Em um famoso ensaio publicado em 1960, o físico Eugene
Wigner ficou maravilhado com "a eficácia desmedida
da matemática" para explicar os fenômenos do mundo.
É algo que "chega a beirar o misterioso", escreveu,
já que "não existe explicação racional".
A melhor definição que ele foi capaz de oferecer é
a de que a matemática é "um dom maravilhoso que
nós não entendemos, nem merecemos".
Em seu novo livro, "Our Mathematical Universe: My Quest
for the Ultimate Nature of Reality" (Nosso universo
matemático: Minha busca pela natureza final da realidade,
em tradução literal), Tegmark vira essa ideia de ponta-cabeça:
a razão pela qual a matemática é uma ferramenta
tão poderosa é que o universo é uma estrutura
matemática. Indo além de Pitágoras e Platão,
ele tenta mostrar como a matéria, a energia, o tempo e o
espaço podem ter surgido a partir dos números.
Mas, apesar de todo o seu poder, a matemática pode realmente
ser a raiz da realidade? Ou ela é um produto da mente humana?
Ao fazer a crítica do livro de Tegmark para o The New York
Times Book Review, o matemático Edward Frenkel destacou que
apenas uma pequena parcela do vasto oceano da matemática
parece ser capaz de descrever o mundo real. O restante parece girar
apenas em torno de si mesmo. E essa pureza é justamente parte
daquilo que a torna tão atraente.
Terminei a leitura desses dois livros me sentindo puxado em direções
contrárias. Aqui neste planeta, ao longo das 5.000 órbitas
desde que as pessoas começaram a deixar marcas em papiros
e placas de argila, chegamos longe em nossa descrição
das vastidões do além. Ao menos essa é a impressão
que temos. Porém, daqui a décadas ou milênios
– seja aqui ou em algum lugar que ainda nem foi imaginado
– a ciência da Terra em 2014 parecerá pouco mais
que um bom começo.
Cegos como morcegos: a batalha da mente contra o corpo
Cerca de 40 anos antes da publicação de "Mind
and Cosmos", o filósofo Thomas Nagel falou a respeito
das dificuldades encontradas por cientistas que desejam explicar
como o cérebro humano deu origem à consciência.
Seu ensaio, um dos mais influentes da filosofia da mente, se chama
"Como é ser um morcego?". Ao emitirem "sons
rápidos, sutilmente modulados e de alta frequência"
e compará-los como ecos, afirmou Nagel, os morcegos criam
um mapa mental tridimensional e altamente detalhado do mundo. Mas
nós humanos somos fundamentalmente incapazes de imaginar
– e compreender – a vida interior desses animais. A
experiência subjetiva, concluiu, é irredutível
em termos físicos. De forma que até mesmo as teorias
mais precisas a respeito do cérebro nunca darão conta
da completude da existência do fenômeno mental.

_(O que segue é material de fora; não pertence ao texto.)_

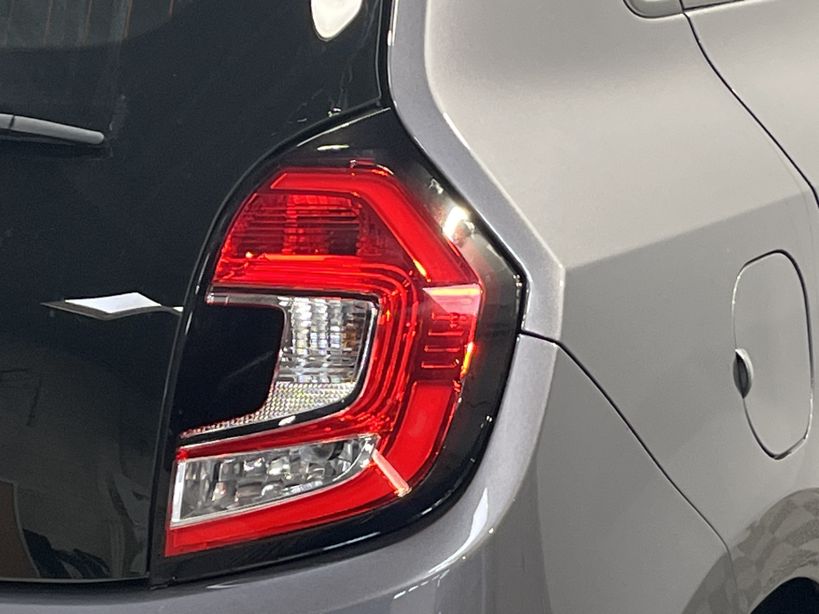 RENAULT TWINGO III 2020 - Photo n°8
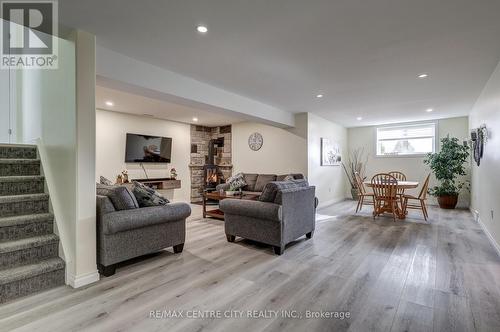 27 Ann Street, Bayham (Vienna), ON - Indoor Photo Showing Living Room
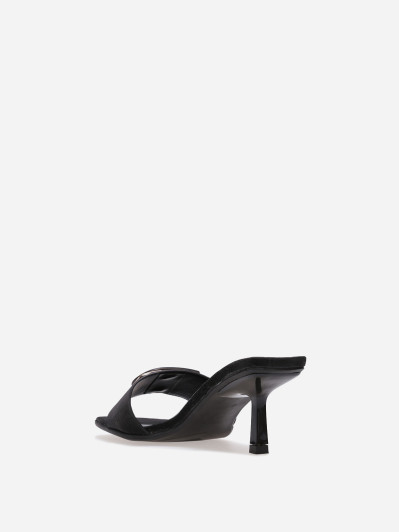 Mules noires à talon et détail en D métallisé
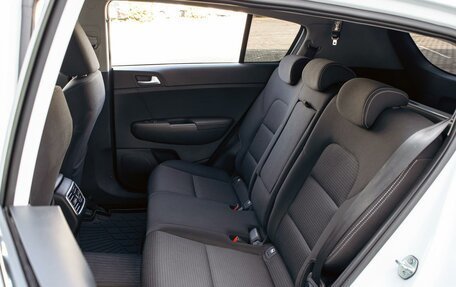 KIA Sportage IV рестайлинг, 2021 год, 2 095 000 рублей, 17 фотография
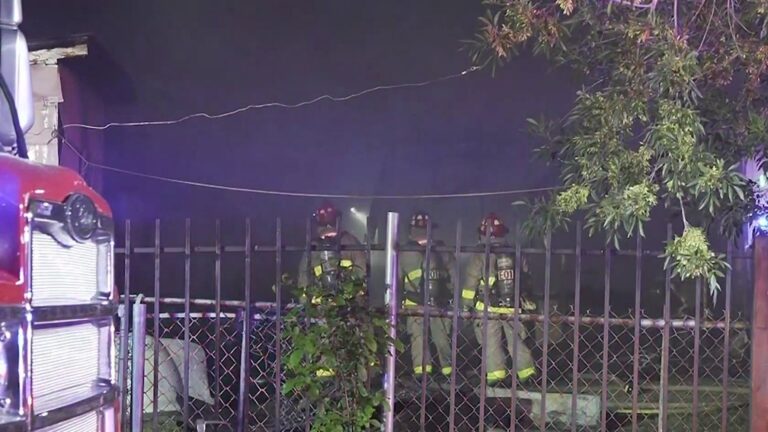 1 injured while escaping East Side house fire, SAFD says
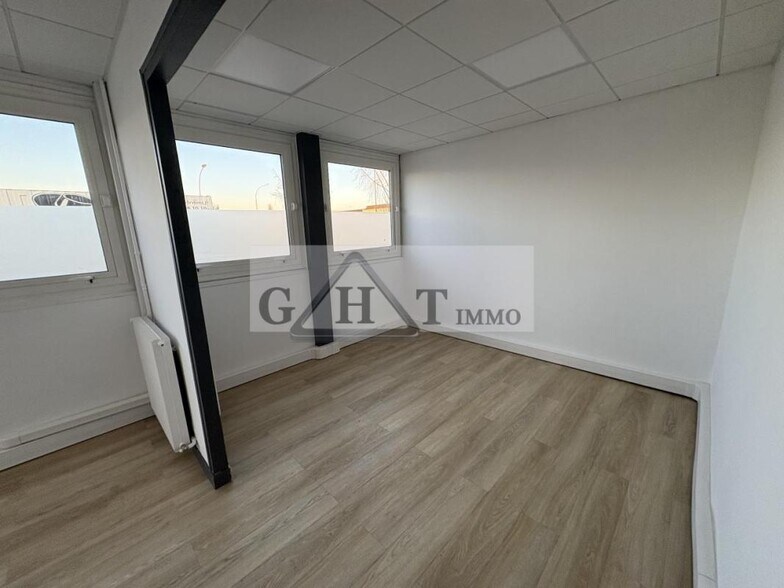 Bureau dans Vaux-le-Pénil à louer - Photo intérieure – Image 3 sur 12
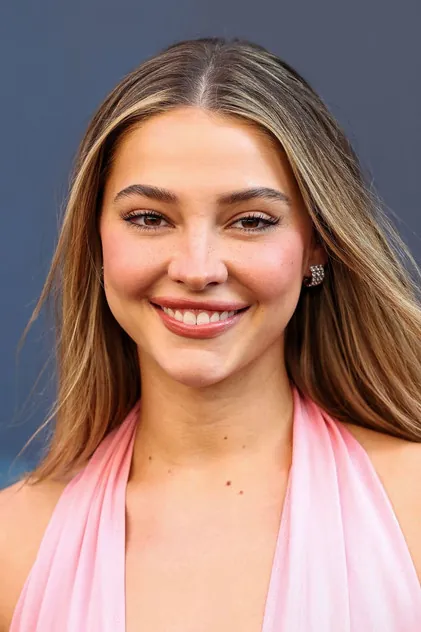 Portrait de Madelyn Cline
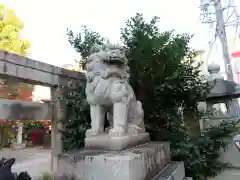 三輪神社の狛犬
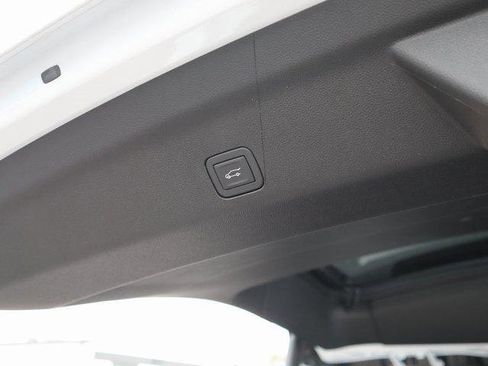 New 2025 GMC Yukon AT4 Ultimate image 10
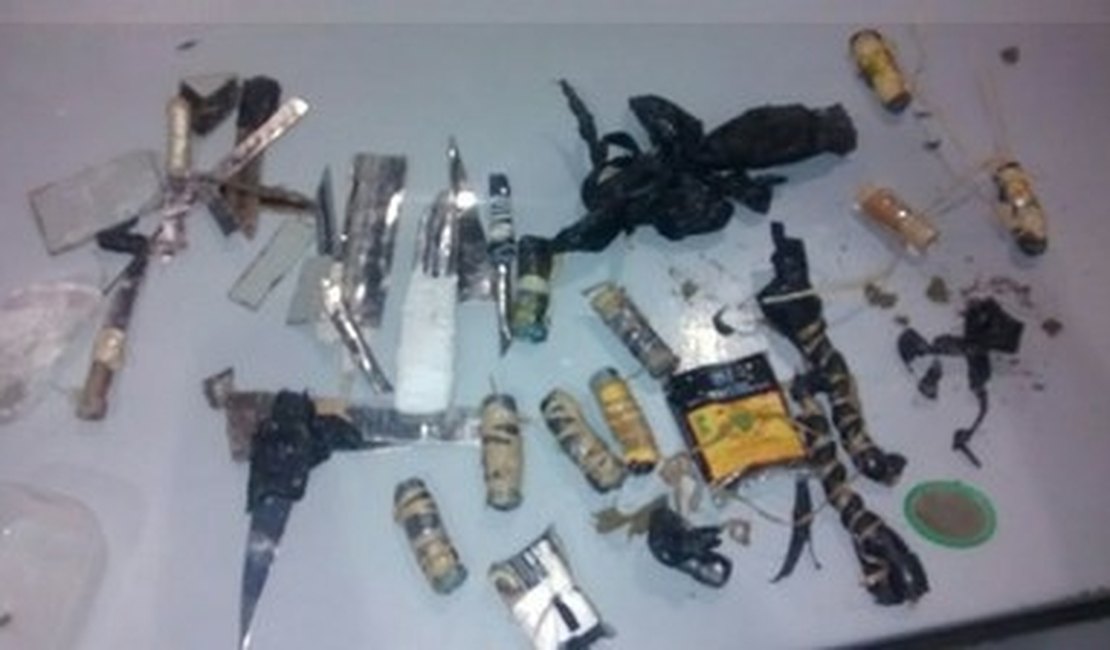 [Vídeo] Arsenal de facas e drogas são encontrados em revista no presídio do Agreste
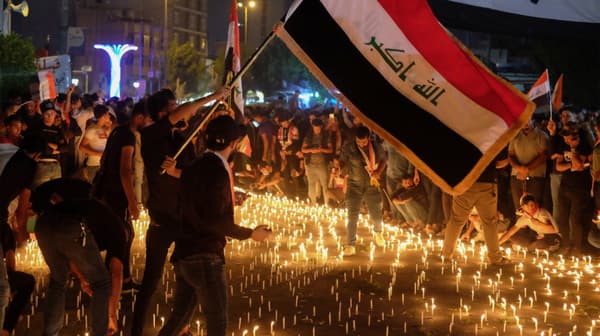 Cérémonie organisée en hommage aux manifestants tués par les forces de l'ordre à Kerbala en Irak, le 1er novembre 2019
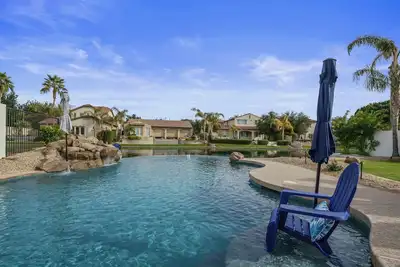 Image de Ritz Laguna Cove, heated pool included in price
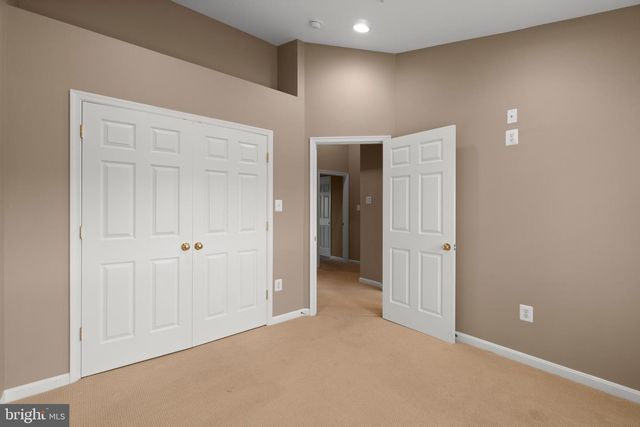 8916 LEE MANOR DR, Ellicott City, MD 21043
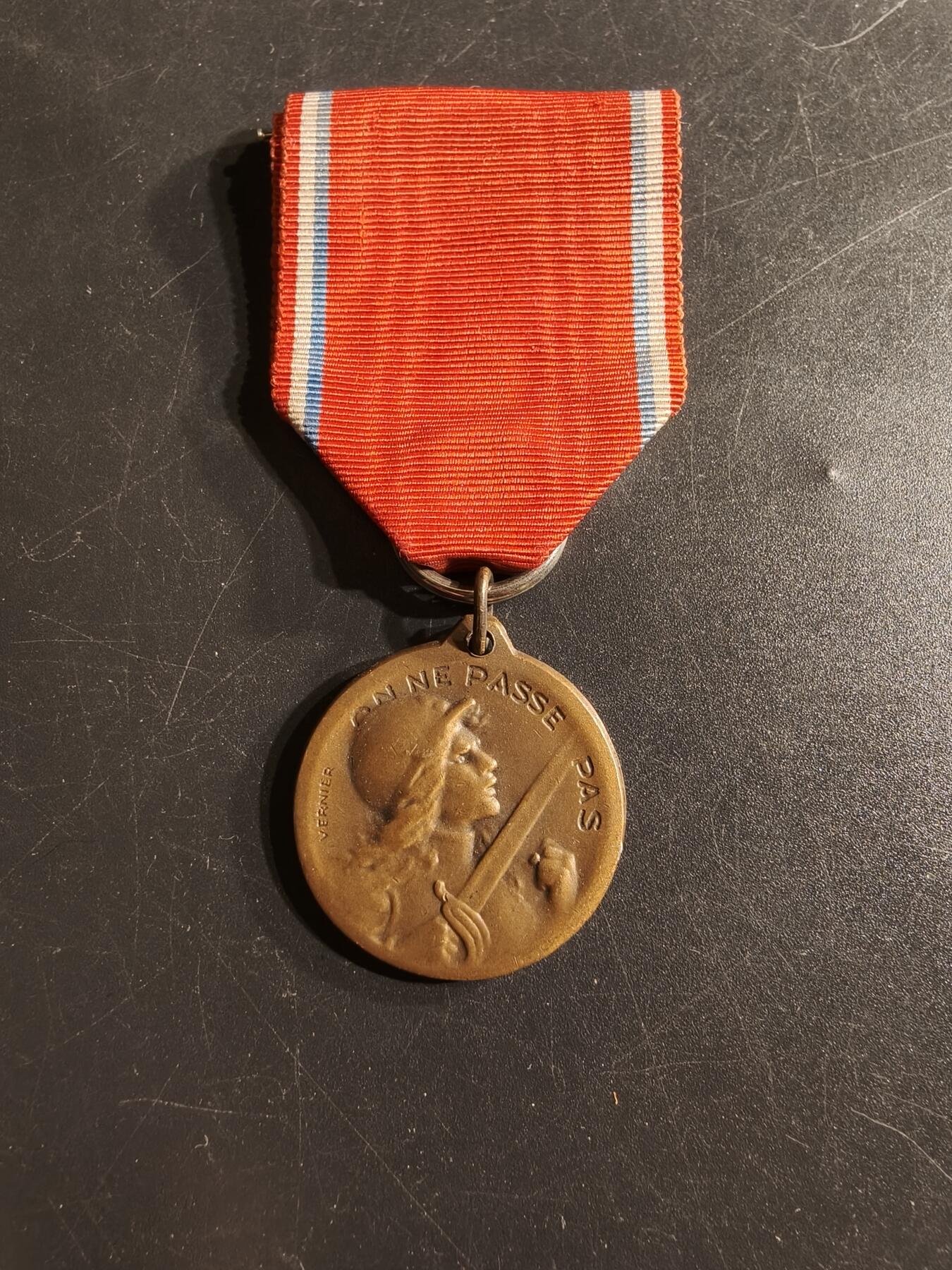 老王徽章第165期  法国一战凡尔登战役奖章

Diversos filósofos, como Patricia Smith Churchland e Daniel
C. Dennett, acreditam que Nagel esteja errado. Segundo eles, a mente
não é nada mais do que aquilo que o cérebro
faz – uma forma diferente de descrever o mesmo fenômeno.
Toda a neurociência, incluindo uma pesquisa cerebral avaliada
em 100 milhões de dólares, anunciada no ano passado
pelo governo, se baseia tacitamente nessa premissa. Algum dia, quando
os cientistas já tiverem mapeado e analisado toda a rede
neural, escondida em algum lugar em meio aos detalhes estará
a explicação para a consciência.
Acreditar no contrário, assim como Nagel, implica na noção
de que o mental seja fundamentalmente diferente do físico.
O problema do corpo e da mente, conforme definem os cientistas,
data ao menos dos tempos de Platão e Aristóteles.
Daqui a um século, o debate provavelmente ainda estará
presente. Independentemente de quem esteja correto, o cérebro
humano pode ser simplesmente incapaz de compreender a si mesmo,
não importa o quanto tentemos entendê-lo.